Background Which is the least expensive recall policy for nodules in the cirrhotic liver remains unclear. Aim Aim of the study was to analyze the costs of different recall diagnostic strategies of hepatocellular carcinoma (HCC) on cirrhosis on a real series of patients. Methods 75 consecutive small liver nodules (10–30 mm) detected at conventional ultrasonography in 60 patients with cirrhosis were submitted to contrast-enhanced ultrasound, computed tomography and gadolinium-magnetic resonance imaging with a final diagnosis established according to the latest guidelines which include different strategies for nodules 10–19 mm or ≥20 mm. The actual costs required to fully characterise any nodule and staging HCC in every patient, if one or the other imaging modality had been used as the first diagnostic step, were calculated.

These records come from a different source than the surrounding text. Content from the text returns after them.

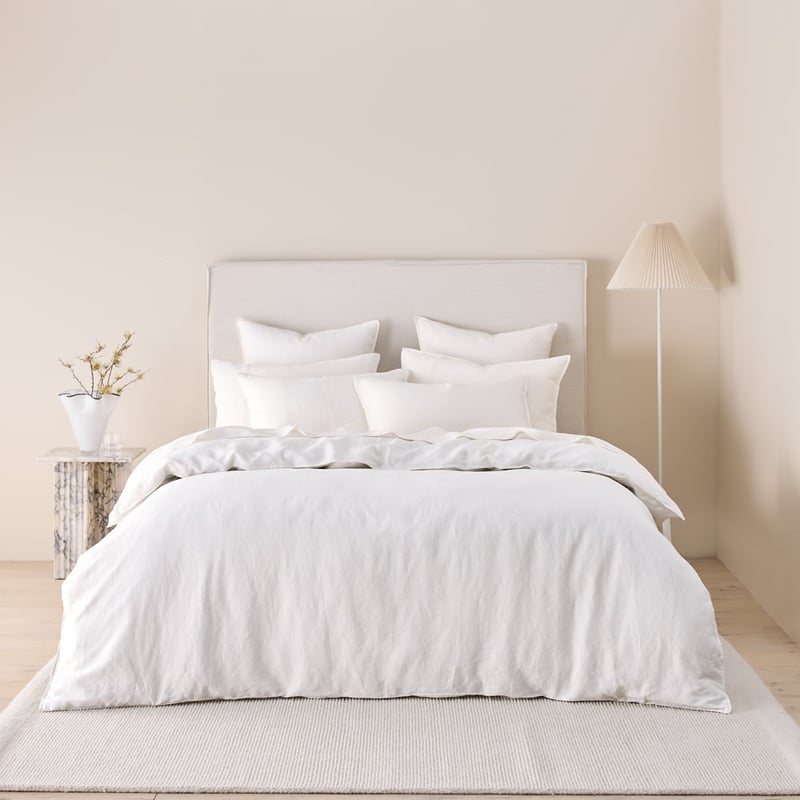 Vintage Washed Linen White Quilt Cover Separates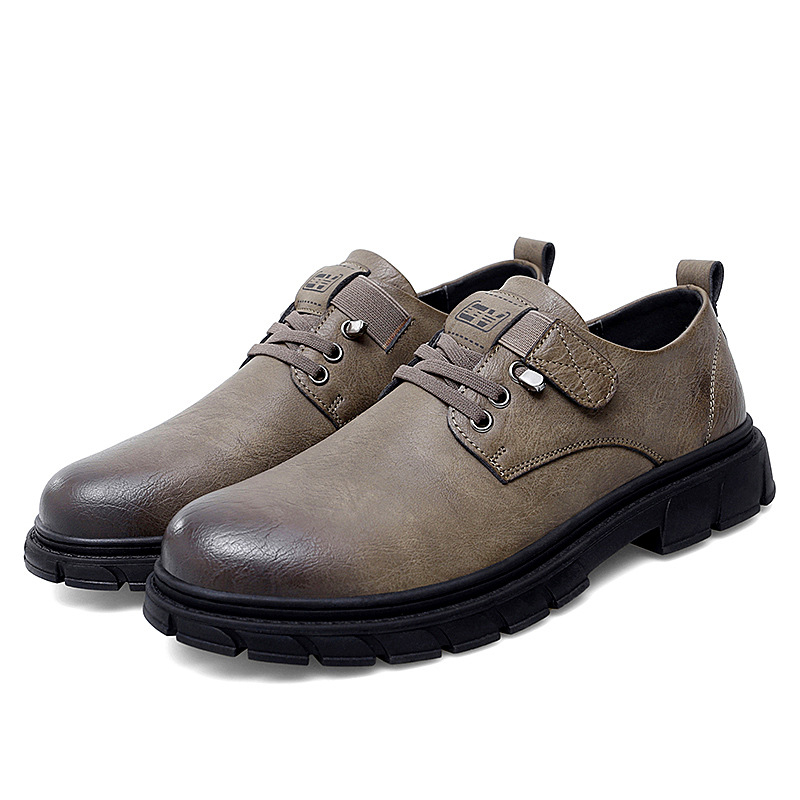 Zapatos de trabajo zapatos casuales de los hombres zapatos de cuero del dedo del pie grande de los hombres slip-on zapatos de los hombres de trabajo protección laboral zapatos de cuero casuales al aire libre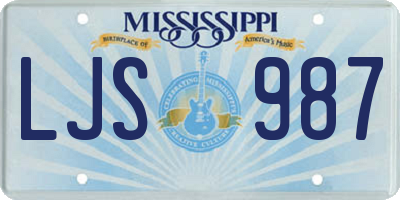 MS license plate LJS987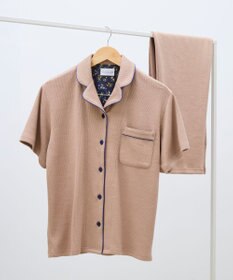une nana cool 【綿混】ソフトコットンリブ 半袖開襟パジャマ MADE WITH LIBERTY FABRIC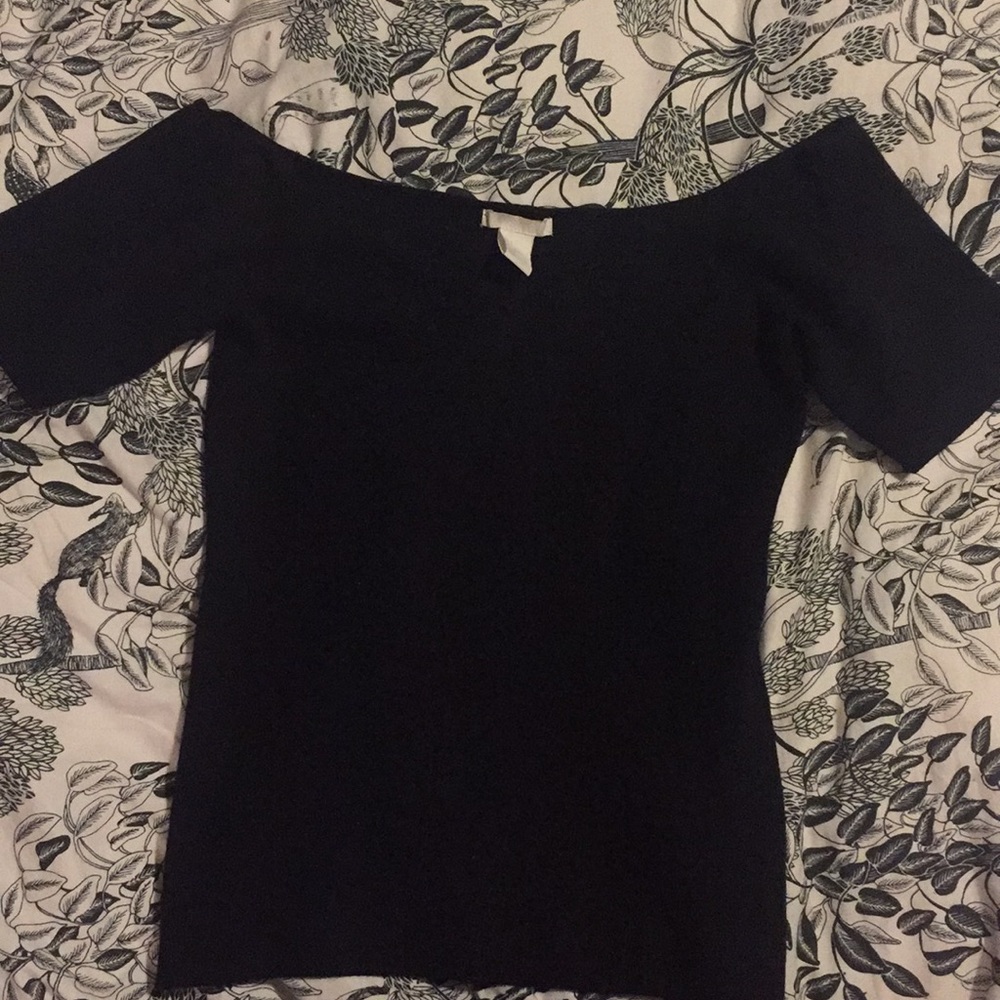 Black off shoulder sweater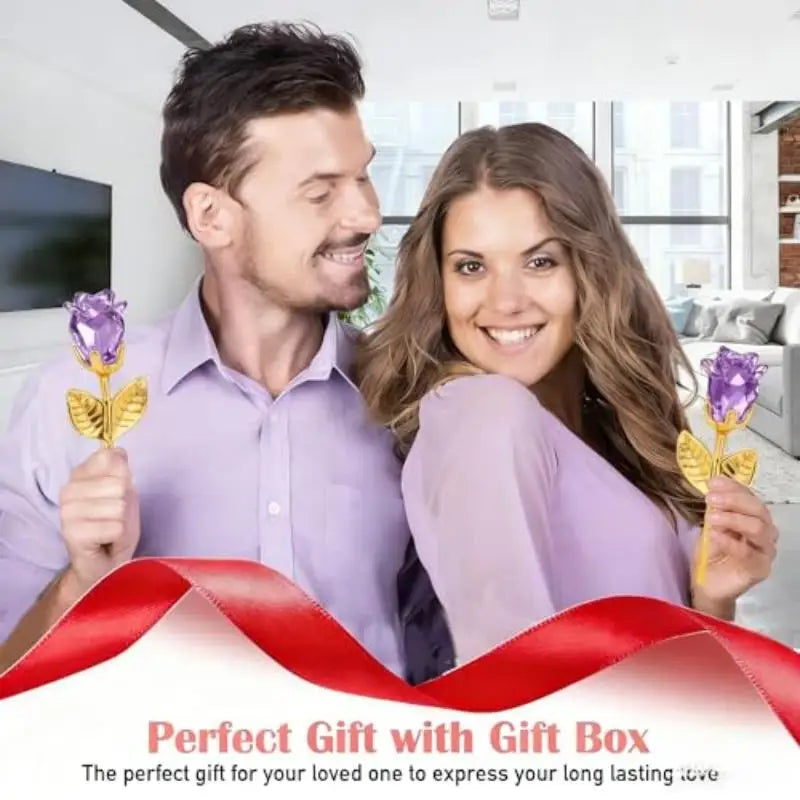 1/2Pcs Eternal Crystal Glass Rose - Valentine's Day Wedding Gift for Girlfriend Wife Artificial Flower Without Box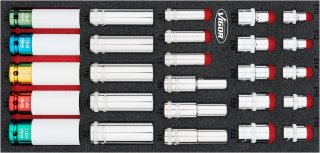 VIGOR Steckschlüssel Satz ∙ V7323 ∙ 26-teilig ∙ 10 – 22 · E10 – E22 ∙ Anzahl Werkzeuge: 26
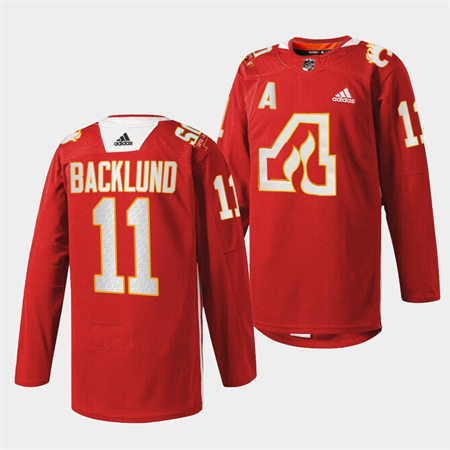 Men's Calgary Flames #11 Mikael Backlund Adidas Red Honor the Atlanta Flames 2022 50th Anniversary Warm-Up Jersey
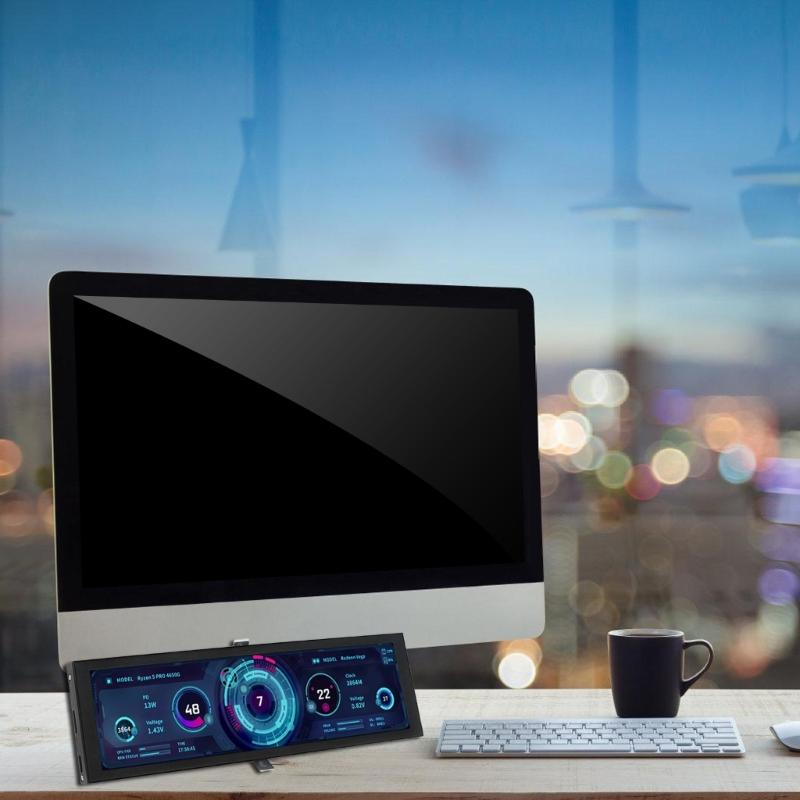 Aluminum Frame Screen 8.8Inch IPS Computer Status Display Sub-Screen 480x1920 Wide Viewing Angle USB Connection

The theoretical hypothesis that each nodule was present in each patient was also investigated from an economical point of view. Results The recall strategy starting with contrast-enhanced ultrasound plus computed tomography is the least expensive strategy for patients with at least one nodule 10–19 mm in size, in nearly all combinations (single or double nodules). In patients with single 20–30 mm nodules the least expensive strategy is to start with computed tomography and to use contrast-enhanced ultrasound as a second step technique. Conclusions wider use of contrast-enhanced ultrasound has the potential to save healthcare costs after first ultrasound detection of a single small nodule in cirrhosis.